Start of RECORD EXTRACTS
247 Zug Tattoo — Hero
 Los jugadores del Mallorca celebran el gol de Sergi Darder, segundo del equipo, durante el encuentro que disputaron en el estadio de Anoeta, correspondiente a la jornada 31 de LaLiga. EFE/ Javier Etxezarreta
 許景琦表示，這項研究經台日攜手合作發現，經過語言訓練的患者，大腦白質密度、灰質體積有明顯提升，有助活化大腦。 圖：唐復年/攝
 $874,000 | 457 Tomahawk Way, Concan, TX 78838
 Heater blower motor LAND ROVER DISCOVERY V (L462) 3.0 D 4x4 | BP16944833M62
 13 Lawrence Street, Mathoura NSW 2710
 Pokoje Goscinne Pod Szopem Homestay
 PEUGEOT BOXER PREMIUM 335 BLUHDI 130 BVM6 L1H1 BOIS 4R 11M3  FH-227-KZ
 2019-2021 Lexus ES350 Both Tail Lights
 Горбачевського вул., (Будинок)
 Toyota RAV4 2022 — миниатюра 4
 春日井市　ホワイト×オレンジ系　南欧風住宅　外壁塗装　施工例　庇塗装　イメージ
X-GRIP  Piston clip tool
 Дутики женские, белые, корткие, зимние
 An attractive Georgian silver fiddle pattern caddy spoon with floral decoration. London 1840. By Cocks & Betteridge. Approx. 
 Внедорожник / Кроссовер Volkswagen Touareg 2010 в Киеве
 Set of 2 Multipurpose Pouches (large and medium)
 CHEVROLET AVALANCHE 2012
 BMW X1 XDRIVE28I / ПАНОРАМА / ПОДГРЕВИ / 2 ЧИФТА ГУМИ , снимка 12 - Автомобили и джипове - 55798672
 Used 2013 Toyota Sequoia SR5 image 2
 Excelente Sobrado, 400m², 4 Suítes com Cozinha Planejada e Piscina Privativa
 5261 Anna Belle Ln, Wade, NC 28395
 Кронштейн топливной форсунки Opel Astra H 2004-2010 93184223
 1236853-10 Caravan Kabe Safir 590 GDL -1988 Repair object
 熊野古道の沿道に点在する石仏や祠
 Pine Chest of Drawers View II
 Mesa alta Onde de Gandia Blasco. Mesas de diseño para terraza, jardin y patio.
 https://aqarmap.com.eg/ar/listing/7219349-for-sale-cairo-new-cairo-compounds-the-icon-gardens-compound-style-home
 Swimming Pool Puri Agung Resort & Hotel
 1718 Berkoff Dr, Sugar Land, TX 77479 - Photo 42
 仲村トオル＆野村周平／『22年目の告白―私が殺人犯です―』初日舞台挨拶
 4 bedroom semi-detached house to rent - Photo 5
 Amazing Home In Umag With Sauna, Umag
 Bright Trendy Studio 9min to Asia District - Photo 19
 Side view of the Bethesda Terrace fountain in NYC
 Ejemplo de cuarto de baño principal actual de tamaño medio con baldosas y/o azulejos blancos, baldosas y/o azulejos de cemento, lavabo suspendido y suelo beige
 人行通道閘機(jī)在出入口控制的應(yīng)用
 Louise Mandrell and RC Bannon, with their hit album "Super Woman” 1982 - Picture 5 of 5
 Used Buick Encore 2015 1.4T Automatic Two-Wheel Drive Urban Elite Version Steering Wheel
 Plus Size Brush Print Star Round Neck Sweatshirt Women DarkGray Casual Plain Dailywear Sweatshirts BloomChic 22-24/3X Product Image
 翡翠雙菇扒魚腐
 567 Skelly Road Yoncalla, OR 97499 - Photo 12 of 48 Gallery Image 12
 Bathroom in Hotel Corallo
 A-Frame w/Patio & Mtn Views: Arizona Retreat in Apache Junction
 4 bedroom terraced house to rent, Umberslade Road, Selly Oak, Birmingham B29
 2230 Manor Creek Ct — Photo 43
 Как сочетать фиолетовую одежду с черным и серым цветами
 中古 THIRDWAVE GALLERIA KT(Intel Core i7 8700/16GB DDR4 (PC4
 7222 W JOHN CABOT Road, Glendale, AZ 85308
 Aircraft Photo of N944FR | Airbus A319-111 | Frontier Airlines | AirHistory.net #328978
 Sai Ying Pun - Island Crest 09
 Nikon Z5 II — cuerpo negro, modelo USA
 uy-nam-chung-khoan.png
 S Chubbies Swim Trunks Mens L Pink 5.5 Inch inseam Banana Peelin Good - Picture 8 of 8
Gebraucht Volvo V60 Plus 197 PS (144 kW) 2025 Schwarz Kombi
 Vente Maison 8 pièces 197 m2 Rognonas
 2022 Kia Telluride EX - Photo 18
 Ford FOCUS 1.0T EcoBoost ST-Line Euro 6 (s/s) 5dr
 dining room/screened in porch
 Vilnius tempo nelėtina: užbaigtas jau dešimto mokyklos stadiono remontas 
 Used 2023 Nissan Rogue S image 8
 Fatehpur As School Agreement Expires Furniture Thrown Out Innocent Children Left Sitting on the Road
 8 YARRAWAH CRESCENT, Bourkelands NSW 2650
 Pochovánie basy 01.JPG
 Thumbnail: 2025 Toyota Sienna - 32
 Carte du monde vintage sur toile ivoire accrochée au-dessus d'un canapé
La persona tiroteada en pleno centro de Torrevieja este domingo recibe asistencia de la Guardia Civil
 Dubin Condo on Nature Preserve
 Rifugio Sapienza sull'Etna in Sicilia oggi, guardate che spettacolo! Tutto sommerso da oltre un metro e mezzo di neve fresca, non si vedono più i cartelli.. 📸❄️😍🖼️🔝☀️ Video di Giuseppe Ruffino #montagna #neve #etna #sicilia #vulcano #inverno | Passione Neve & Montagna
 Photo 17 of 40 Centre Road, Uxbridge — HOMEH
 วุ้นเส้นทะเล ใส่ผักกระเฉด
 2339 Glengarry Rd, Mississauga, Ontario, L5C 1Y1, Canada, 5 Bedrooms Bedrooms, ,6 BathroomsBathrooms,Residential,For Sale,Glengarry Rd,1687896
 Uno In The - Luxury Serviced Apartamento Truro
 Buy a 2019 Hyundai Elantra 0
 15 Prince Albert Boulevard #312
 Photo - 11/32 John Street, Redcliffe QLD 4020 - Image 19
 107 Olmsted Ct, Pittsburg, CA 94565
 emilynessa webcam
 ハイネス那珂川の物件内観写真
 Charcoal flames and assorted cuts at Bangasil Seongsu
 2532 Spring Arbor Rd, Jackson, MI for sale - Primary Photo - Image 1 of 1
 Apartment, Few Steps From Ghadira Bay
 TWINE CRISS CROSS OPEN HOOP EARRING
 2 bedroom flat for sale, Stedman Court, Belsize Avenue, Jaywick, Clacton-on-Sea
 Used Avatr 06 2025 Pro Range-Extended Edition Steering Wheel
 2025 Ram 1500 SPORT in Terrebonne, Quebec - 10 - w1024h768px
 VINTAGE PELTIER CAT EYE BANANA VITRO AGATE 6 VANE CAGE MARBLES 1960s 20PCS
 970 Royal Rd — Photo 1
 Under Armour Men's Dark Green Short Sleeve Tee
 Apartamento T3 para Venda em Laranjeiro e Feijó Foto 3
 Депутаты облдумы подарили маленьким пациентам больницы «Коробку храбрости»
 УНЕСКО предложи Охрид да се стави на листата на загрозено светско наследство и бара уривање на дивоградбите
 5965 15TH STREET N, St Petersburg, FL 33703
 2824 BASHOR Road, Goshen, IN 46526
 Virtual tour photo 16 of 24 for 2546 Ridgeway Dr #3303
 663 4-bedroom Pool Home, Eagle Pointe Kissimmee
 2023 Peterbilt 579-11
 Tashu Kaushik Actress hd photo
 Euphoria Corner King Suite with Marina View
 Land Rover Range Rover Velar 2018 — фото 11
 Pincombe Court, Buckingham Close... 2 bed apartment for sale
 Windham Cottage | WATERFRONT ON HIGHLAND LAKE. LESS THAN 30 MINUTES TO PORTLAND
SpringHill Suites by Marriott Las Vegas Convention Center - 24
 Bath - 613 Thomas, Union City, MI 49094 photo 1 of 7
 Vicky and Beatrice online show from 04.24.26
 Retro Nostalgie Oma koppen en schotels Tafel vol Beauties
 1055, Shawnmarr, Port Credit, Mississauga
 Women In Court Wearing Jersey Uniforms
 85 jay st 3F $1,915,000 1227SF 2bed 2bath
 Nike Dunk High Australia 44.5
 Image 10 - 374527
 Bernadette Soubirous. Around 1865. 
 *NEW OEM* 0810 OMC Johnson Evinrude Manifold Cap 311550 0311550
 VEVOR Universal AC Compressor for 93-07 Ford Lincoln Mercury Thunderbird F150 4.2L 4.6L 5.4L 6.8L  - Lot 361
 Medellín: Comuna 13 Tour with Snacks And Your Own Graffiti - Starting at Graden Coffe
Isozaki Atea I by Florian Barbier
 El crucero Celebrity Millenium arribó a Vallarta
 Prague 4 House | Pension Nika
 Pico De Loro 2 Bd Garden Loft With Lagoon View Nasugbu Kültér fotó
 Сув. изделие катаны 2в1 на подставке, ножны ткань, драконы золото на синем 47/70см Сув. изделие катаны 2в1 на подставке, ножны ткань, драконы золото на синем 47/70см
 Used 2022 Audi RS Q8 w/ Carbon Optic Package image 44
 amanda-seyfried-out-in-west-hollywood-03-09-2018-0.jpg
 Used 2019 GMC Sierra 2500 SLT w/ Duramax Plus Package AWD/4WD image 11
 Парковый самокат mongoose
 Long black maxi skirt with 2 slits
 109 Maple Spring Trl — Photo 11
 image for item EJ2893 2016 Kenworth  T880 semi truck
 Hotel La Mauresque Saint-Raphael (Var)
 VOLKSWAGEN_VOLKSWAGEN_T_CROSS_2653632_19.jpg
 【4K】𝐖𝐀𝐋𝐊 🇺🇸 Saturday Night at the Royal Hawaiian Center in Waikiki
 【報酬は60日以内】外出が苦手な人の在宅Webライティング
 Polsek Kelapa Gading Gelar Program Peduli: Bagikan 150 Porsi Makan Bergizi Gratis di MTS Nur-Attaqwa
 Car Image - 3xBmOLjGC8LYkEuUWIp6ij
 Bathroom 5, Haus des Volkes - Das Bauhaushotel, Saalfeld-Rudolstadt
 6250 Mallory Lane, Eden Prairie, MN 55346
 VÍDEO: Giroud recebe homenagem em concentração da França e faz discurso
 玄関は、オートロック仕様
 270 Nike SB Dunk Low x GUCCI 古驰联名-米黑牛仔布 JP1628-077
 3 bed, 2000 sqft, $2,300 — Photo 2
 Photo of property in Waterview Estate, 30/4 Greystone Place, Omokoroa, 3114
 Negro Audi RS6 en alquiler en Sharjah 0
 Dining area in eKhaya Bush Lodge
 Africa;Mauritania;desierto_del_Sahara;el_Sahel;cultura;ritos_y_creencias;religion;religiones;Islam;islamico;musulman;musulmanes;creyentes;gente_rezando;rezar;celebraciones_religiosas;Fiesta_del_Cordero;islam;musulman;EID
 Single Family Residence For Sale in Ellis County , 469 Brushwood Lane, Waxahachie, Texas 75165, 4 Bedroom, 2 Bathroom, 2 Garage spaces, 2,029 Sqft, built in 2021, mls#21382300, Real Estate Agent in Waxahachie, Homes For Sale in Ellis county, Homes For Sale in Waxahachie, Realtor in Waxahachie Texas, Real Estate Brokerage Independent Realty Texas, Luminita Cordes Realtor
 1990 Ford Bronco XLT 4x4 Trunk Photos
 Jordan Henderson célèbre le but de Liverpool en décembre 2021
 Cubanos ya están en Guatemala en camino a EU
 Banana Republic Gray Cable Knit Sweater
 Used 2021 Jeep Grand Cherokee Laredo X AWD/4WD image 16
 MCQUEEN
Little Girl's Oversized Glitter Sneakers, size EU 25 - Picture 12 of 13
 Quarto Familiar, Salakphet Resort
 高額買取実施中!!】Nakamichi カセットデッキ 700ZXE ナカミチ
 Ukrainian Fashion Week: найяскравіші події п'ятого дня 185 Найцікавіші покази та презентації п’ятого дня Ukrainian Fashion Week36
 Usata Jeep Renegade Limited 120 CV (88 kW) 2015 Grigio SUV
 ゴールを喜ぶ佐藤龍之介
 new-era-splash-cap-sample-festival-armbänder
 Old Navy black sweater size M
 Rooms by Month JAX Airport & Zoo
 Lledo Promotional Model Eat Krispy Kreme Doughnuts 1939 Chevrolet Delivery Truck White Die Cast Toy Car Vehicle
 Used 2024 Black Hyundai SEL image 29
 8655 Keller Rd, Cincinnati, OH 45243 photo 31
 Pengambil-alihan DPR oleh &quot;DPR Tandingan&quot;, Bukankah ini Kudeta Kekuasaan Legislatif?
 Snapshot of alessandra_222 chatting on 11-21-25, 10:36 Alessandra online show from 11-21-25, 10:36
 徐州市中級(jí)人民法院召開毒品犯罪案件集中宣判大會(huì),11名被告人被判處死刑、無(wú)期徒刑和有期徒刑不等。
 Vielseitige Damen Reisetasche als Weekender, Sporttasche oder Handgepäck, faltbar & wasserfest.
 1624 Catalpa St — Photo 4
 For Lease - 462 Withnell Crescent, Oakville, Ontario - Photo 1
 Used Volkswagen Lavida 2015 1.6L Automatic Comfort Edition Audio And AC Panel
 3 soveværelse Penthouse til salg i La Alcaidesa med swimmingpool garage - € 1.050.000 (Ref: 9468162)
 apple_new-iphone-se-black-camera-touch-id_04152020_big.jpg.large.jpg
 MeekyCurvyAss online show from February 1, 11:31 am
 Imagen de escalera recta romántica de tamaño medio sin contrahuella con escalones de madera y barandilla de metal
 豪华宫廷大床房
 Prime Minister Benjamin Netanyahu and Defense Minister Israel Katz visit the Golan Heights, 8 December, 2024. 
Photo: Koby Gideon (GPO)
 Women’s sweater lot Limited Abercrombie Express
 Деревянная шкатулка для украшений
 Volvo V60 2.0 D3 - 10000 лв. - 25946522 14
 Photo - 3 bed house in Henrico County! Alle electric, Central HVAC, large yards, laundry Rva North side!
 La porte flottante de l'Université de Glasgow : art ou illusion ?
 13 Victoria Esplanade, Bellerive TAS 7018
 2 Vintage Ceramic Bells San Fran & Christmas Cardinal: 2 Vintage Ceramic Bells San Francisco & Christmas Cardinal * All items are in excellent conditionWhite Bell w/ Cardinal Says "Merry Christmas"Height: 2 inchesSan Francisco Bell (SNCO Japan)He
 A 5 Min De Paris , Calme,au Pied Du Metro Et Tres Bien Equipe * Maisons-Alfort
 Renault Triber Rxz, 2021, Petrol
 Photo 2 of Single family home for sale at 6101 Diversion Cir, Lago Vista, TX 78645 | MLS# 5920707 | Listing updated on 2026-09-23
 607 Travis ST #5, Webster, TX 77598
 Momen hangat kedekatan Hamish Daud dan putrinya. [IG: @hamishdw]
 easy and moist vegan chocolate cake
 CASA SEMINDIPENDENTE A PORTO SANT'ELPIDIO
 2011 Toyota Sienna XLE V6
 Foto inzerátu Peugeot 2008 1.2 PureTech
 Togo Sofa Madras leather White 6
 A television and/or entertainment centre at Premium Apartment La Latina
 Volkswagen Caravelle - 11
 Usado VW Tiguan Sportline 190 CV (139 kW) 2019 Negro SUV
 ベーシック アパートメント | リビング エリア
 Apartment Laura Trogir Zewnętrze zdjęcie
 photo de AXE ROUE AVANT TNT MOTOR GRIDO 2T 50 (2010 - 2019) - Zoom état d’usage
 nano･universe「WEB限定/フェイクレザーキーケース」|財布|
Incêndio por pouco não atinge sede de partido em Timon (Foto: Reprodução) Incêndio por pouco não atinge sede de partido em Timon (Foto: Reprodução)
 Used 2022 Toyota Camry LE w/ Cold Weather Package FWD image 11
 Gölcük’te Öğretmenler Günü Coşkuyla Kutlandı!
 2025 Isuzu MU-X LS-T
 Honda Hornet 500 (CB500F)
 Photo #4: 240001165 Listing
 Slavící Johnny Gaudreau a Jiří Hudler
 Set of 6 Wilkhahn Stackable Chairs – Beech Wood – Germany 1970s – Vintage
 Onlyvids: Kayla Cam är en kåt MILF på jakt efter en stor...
End of RECORD EXTRACTS
EXERCISE OBJECTIVE
What is wanted is a copy of every line in the listing that includes the word "Plus".

OUTPUT
 Plus Size Brush Print Star Round Neck Sweatshirt Women DarkGray Casual Plain Dailywear Sweatshirts BloomChic 22-24/3X Product Image
Gebraucht Volvo V60 Plus 197 PS (144 kW) 2025 Schwarz Kombi
 Used 2019 GMC Sierra 2500 SLT w/ Duramax Plus Package AWD/4WD image 11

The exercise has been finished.